In this study the prevalence of HDV IgG antibodies was higher among females (75%) study participants than in males (25%) as well as among study participants that were 37-54 (68.8%) compared to other age groups. While this is consistent with Anejo-okopi et al., [16] and Abdulmumini & Hali [22] where prevalence was higher in females; for this study, it may be because there are more female participants (67%) than male (33%) and more participants (45.1%) falls within the age group 37-54 years. From the findings, the prevalence of HDV infection to global prevalence and other previous research done in southwest Nigeria is low. This means HDV is not widespread in the study population.
The risk behaviours of HIV was cross-examined with HBV/HDV infection. 37.5% of the study participants have history of blood transfusion while 6.25% have history of sharing sharp objects, even though the association is not statistically significant, but cannot be ruled out as possible cause of risk factor for HDV occurrence in HBV/HIV co-infection because of the common routes (such as sexual and parenteral) of transmission of the infection. This finding is consistent with Argirion et al., [8] who established that HDV infection is more common in PLWH due to shared modes of transmission.
CONCLUSION
The result from this study shows that co-infection prevalence of HBV in HIV patients in this population reflects global trends, supporting the idea that HIV-infected individuals are at a similar risk of HBV infection as those in other regions. The seroprevalence of HDV IgG antibodies at 7.8% indicates that HDV exposure is relatively uncommon in this group, but not insignificant. Although 0% seroprevalence of HDV IgM says no acute or recent HDV infection among the participants as at the time of the study but monitoring for signs of active liver disease or viral reactivation in chronic carriers (IgG positive) is still important. The absence of IgM may also suggest that HDV transmission dynamics in the study population are currently low.

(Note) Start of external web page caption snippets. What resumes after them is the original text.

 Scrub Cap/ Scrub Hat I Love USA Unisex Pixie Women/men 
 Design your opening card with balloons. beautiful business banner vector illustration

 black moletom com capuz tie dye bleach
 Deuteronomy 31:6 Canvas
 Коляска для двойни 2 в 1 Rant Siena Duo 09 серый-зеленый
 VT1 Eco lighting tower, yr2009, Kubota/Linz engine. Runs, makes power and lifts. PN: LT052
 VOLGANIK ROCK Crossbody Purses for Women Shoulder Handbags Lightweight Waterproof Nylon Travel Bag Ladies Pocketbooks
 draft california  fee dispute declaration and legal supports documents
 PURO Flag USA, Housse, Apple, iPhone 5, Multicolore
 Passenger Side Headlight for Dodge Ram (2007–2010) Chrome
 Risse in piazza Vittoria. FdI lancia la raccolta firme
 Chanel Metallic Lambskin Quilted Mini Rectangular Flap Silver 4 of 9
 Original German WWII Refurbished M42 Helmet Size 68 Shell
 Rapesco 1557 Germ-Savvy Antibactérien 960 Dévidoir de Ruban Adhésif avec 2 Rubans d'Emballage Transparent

To know the severity of the HDV infection, there is a need for further clinical examination like liver functioning assessment for individuals who tested positive to HDV IgG. They should also be monitored for potential late complications related to past HDV exposure, because majority of HBV patients do not exhibit any symptoms and may not do so until the liver is severely damaged [23] [24]. This finding emphasise the importance of early and regular HBV screening, monitoring and managing HBV among HIV-positive individuals to prevent further complications. HBV vaccination as a critical public health strategy should be promoted, as preventing HBV infection also prevents HDV infection. Additionally, whenever clinically needed (for example, in the event of acute decompensation of chronic liver disease), HBsAg-positive individuals should undergo retesting for anti-HDV antibodies.
Conflict of Interest
There is no conflict of interest.
Ethical Approval
Ethical approval with NREC ASSIGNED NUMBER: NHREC/OYOSHRIEC/10/11/22 was obtained from the Ethical Review committee of the Oyo State Ministry of Health, Department of Planning, Research and Statistics Division, Ibadan, Oyo State.
Similarly, informed consent was sought from all the participants that are 18 years and above before their participation in this study. Consents was sought from the parents/guardians of the participants that were lesser than 18 years.